What else can be done with it?  well since we own a farm we grow lots of herbs, so in the summer it should be very nice to have a source of smoke free heat to dry veggies and herbs with.  It would also be very easy to heat water with the system, just run some pipes through it, although I would not reccomend doing this in the winter, you have a greater chance of freezing pipes then.  A larger unit could easily heat a much bigger house and an outbuilding or two.  Just remember you want to be heating air that is already warm (like what's in your house as opposed to outside air), and use insulated ducting to pipe the heat wherever you want it to be.  This heater should pay for itself in 2 months, and since I didn't remove my existing electric furnace I've still got the thermostat on the wall that I can turn up if i'm feeling too poorly to mess with a fire.  
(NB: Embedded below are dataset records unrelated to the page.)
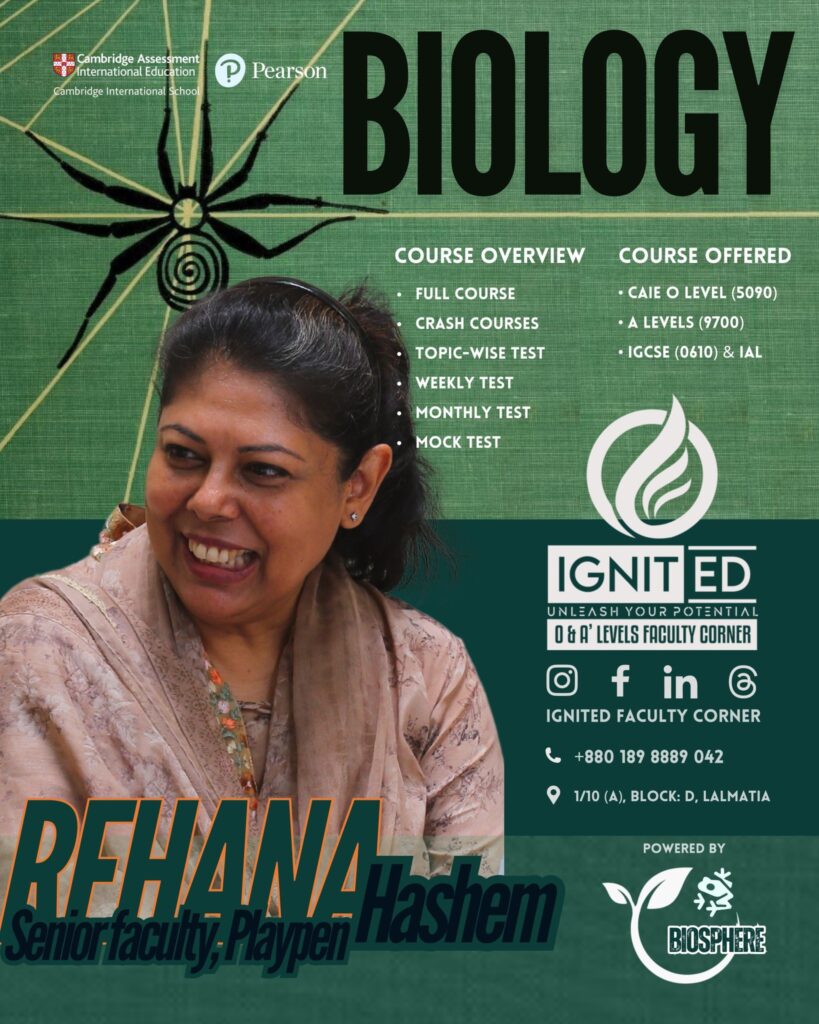Biology course poster featuring Rehana Hashem, senior biology teacher at Playpen.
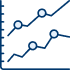 Drawn image of a line graph with an upward trend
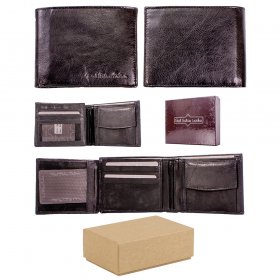 1060 BLACK RFID ITALIAN LEATHER WALLET BOX OF 12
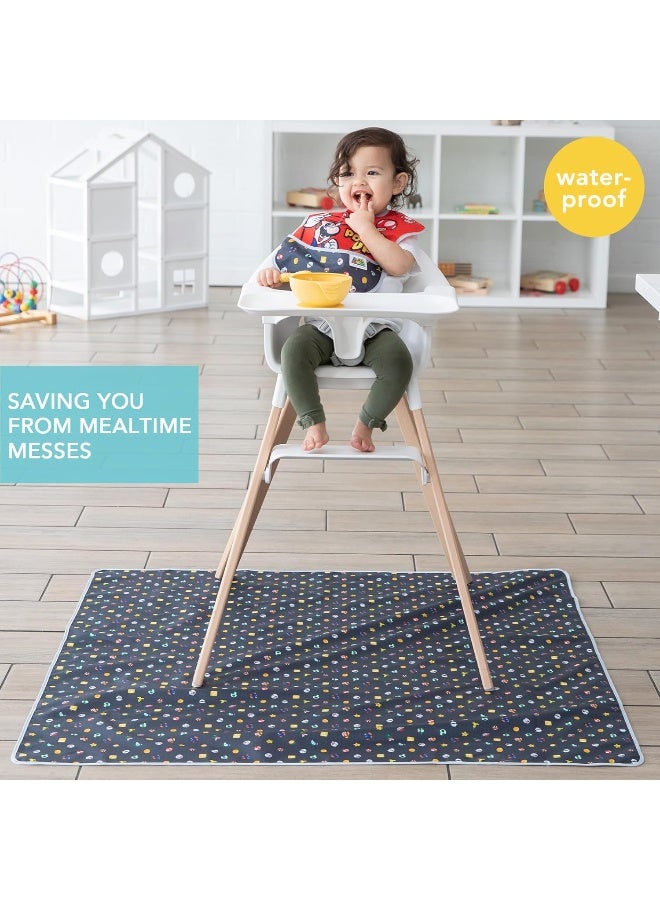 BUMKiNs Bumkins Baby Splat Mat for Under High Chair, Nintendo Super Mario Waterproof Washable Cloth for Arts and Crafts, Playtime Mats for Kids, Floors or Tables, Reusable Fabric - Image 2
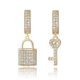 thumbnail image 1 of Pendientes Minimalistas Yashi con Forma de Llave y Candado de Oro y Plata, 1 of 5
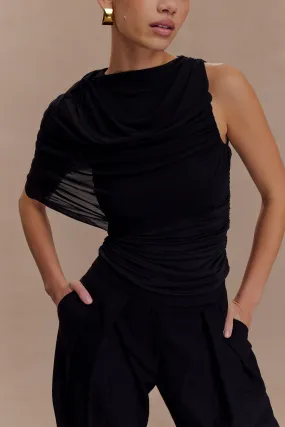 PlacketDetail Pruedance Slinky Draped Top With Mesh Overlay - Black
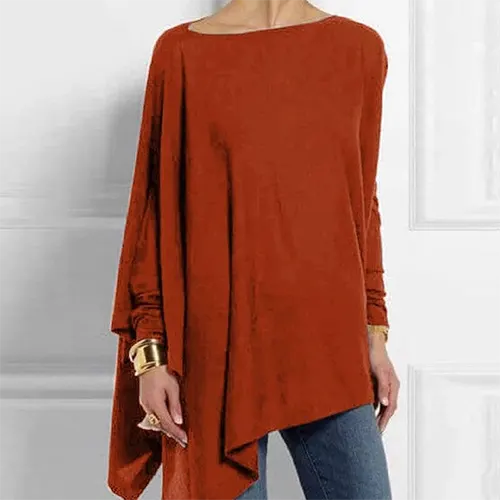 Women's Asymmetrical Drape Long Sleeve Top Soft Breathable Fabric Relaxed Fit
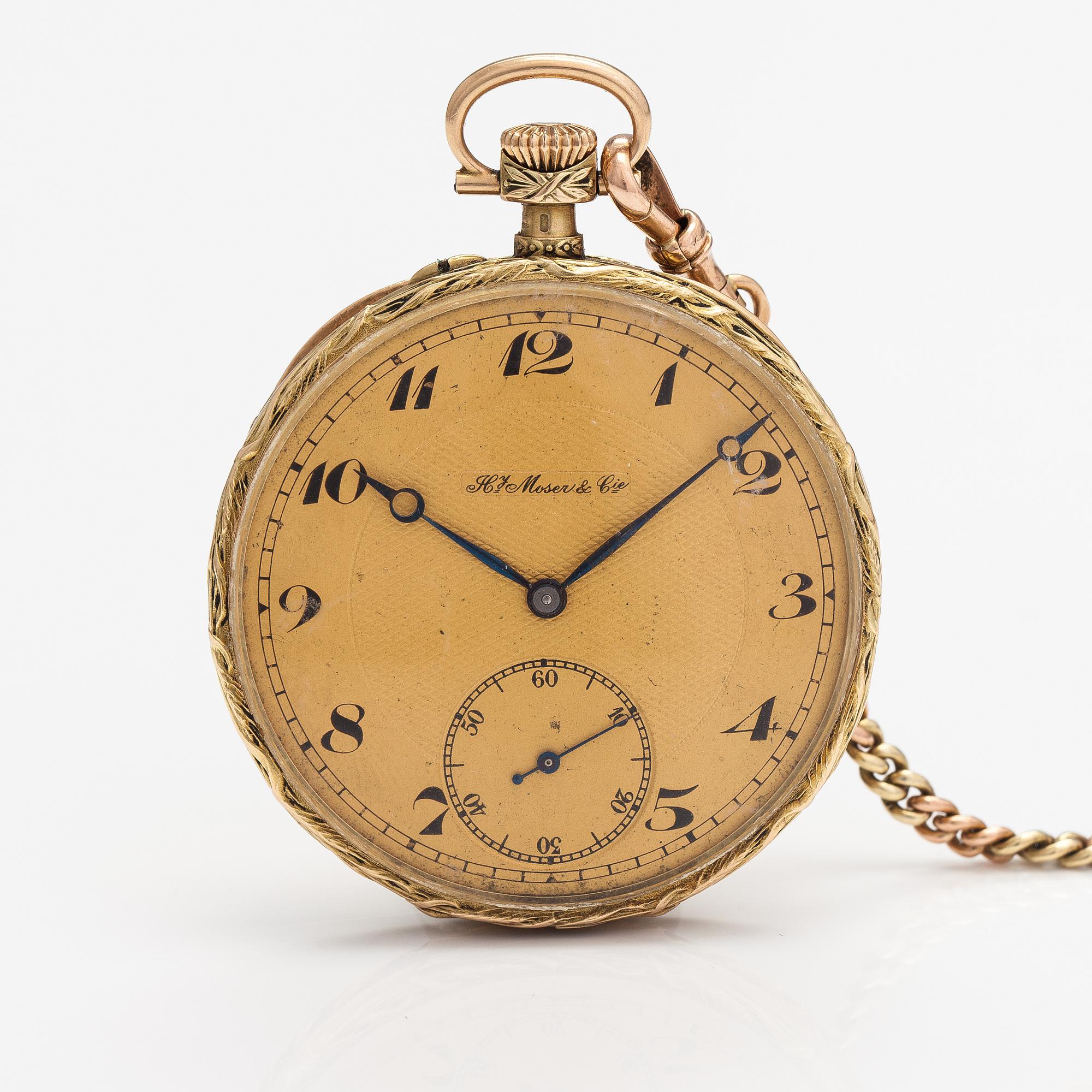 Hy. Moser Cie pocket watch 50 mm. Bukowskis
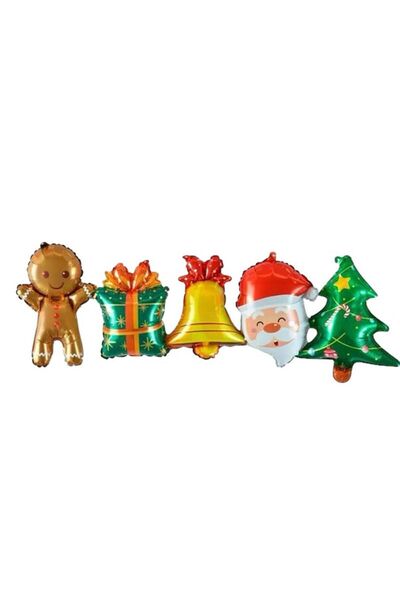 partidolu Mini Yılbaşı Figürleri Temalı Birleşik Set Folyo Balon 98x42 cm 1 Adet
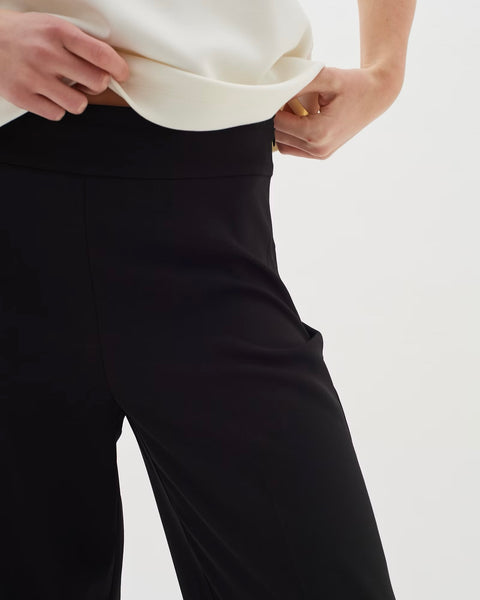 357525 Inwear pantalon Zhen noir jambes évasées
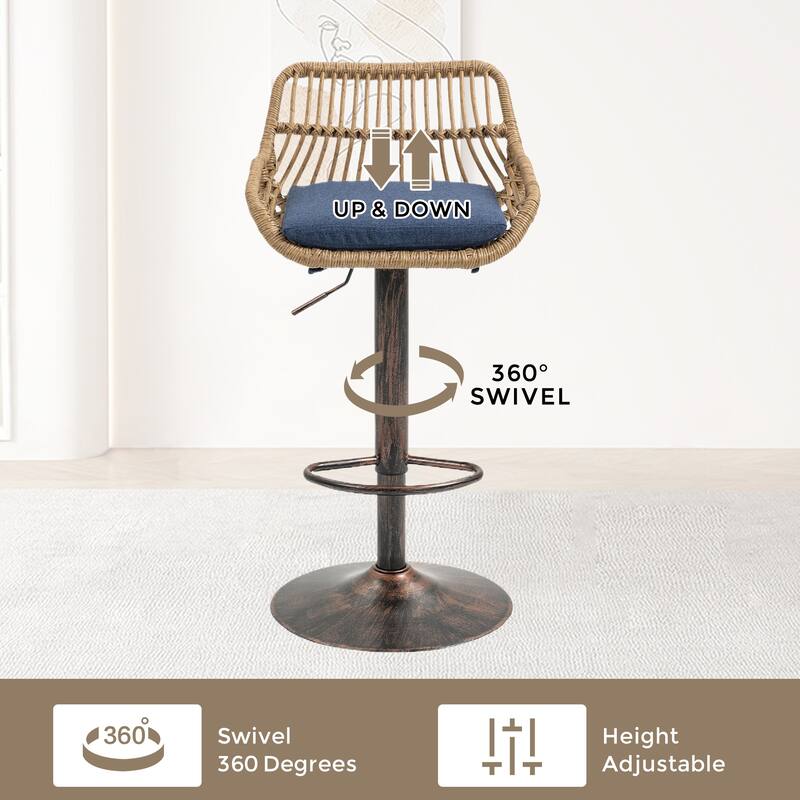 360° Swivel Bar Stools Set of 2, Adjustable Counter Height Chairs with Footrest, Rattan Bar Chairs with Cushions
I'd be more than happy to help anyone with the building of their unit, and would much rather see people using these and "giving the finger" to utility companies.  Our local utility company was indicted for price gouging last winter (yahooooo) so nothing pleases me more than to pay them less 

Of course something else that needs mentioned is that any wood heat is dangerous, smoke detectors and good fire extinguishers are a sound investment, however this unit should be much much safer than an in house wood heater.  I guess the safest would be a non-pressurized boiler, but as I mentioned earlier I did not feel that the net gain would be worth it to build or buy one of those.